There is no need to standardize on a single approach here — every platform module can implement its own preferred approach to this ‘initial state dilemma’. We can leave it open.
A choice between what is fixed, and what is variable?
A former professor of mine who taught Object Oriented modeling using Design Patterns, often framed things in terms of “what is fixed versus what is variable”. Over the years, I have learnt that everything is variable; some things are just more variable than others.
Open (also) means “accessible” and interchangeable
As explained here, part of my motivation to contribute to Netsim-Tools was a desire to help more people learn about networking more easily. The original “BGP Add Path” example uses Cisco vIOS devices, which presents a hurdle in terms of resource requirements and licensing constraints. I tried to address that using an alternative based on SR OS and SR Linux; this reduces the resource requirements, but still requires a license.
In fairness and full transparency, I have since discovered that the shortest path to “open” in this case may actually be Cumulus Linux; its open source FRR package supports BGP Add Path by default.
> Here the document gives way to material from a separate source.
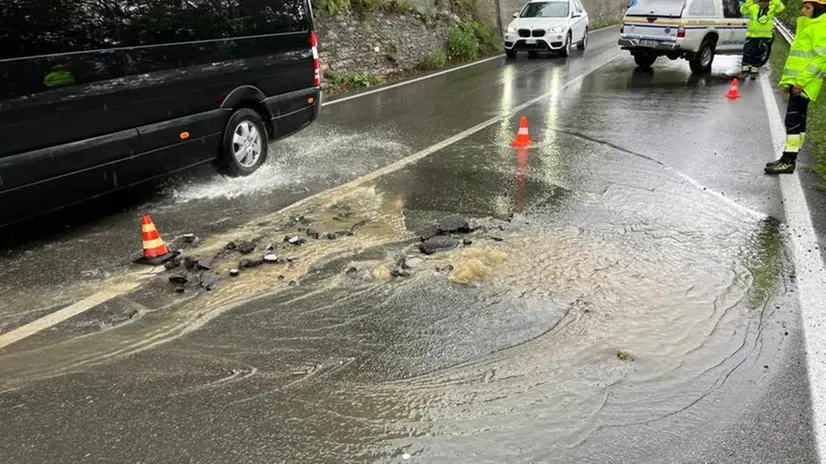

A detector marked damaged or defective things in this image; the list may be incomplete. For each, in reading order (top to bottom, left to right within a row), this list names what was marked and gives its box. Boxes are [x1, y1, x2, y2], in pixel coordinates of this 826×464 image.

broken asphalt chunk [418, 237, 458, 256]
However, given my previous experience working with these virtual devices, I feel less inclined to spend cycles exploring how to make that work. I’ll admit I may be a little biased, but net result remains that it’s probably better for someone else to drive that.
The broader question for me is this: How can we enable mix-and-match topologies in Netsim-Tools, such that users can evaluate and compare different options? I’d like for us to reach a point where there is just a single ‘Add Path’ example, and one can use flags to pick different devices for different roles.